Faceted Search
A mechanism to help users filter a search result set to find the most appropriate articles. The average length of a search query is 1.5 words, so unsurprisingly the results returned by a free-text engine will include the information the user was expecting and a lot of information they weren’t.
How does faceted search work?
Facets are the topic areas a user might expect to use to further filter and refine the result set. This is most obvious on online retail sites where the facets would include brand, size, color, etc. For information portals the facets could be Subject, Geography, Author, Format or Department.

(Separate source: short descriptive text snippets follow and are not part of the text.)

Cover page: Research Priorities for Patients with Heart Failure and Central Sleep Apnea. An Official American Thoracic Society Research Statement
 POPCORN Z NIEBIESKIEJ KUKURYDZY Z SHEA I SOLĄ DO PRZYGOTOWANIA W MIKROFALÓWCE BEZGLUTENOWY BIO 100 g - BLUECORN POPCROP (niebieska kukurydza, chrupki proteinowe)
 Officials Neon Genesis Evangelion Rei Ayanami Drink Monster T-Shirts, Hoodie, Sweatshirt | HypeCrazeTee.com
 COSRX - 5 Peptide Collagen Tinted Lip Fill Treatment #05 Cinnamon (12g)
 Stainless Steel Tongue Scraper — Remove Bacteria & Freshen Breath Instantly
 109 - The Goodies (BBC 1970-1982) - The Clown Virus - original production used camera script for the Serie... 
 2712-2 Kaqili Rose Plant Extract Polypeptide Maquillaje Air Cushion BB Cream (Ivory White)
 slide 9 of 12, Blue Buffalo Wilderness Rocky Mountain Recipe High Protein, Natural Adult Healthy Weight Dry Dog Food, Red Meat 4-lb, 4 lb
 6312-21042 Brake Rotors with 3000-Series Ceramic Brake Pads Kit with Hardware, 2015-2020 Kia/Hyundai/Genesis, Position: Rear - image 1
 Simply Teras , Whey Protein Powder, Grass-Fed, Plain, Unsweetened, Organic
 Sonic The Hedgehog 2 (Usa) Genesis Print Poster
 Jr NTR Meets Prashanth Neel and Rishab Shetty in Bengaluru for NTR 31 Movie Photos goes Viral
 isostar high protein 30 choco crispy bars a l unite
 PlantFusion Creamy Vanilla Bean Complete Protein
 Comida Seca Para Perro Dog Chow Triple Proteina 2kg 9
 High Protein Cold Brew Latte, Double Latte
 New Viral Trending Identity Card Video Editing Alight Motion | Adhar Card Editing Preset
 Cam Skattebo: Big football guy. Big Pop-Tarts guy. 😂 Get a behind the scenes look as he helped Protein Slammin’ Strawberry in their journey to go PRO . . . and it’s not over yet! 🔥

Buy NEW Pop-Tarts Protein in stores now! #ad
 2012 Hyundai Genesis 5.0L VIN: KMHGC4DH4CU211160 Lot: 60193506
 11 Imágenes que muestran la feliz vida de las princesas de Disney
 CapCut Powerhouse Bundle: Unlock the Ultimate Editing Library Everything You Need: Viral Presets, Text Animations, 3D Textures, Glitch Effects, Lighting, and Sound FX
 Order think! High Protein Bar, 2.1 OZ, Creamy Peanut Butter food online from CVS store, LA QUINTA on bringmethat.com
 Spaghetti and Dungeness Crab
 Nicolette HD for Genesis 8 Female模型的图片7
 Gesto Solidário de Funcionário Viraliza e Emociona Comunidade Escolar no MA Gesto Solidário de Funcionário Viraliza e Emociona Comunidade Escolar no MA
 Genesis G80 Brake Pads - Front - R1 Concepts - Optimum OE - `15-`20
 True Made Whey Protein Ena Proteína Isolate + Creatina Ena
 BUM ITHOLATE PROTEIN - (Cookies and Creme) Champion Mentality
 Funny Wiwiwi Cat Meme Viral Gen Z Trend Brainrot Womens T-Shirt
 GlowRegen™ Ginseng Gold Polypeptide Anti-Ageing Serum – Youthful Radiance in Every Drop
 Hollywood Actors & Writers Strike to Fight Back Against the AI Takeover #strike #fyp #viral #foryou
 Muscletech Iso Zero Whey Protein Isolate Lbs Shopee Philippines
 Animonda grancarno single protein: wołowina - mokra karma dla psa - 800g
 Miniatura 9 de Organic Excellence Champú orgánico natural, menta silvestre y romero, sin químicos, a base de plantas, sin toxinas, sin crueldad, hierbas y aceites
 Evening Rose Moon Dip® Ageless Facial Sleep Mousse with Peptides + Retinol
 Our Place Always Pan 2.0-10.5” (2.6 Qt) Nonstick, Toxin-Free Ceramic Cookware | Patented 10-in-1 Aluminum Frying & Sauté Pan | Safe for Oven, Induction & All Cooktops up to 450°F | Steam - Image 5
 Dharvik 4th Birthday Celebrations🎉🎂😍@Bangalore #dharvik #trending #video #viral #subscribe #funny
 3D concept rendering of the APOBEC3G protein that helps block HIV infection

Each Facet will show a list of appropriate terms sourced from a controlled vocabulary or taxonomy (and managed in a tool like Ontology Manager). Selecting a term should filter the results so a sub-set of the original results are shown. The mechanism for filtering varies. At its simplest the facet term is simply added to the original search query (free-text results for “users query” AND “filter term”). A more powerful filter is available when the content has been accurately tagged (manually or by a tool like Semaphore Classification Server). The filter can then be all the items from the original result set that have a metadata value of the facet value.
Sometimes displaying the facets in a hierarchy provides more context. A service like Semantic Enhancement Server can deliver the taxonomy tree information (and indeed drop of nodes where there are no matching content items).
The level of facet support differs across search platforms. Google Search Appliance and Apache Solr provide the basic indexing structures which can be populated and used by Semaphore to deliver a compelling search user experience.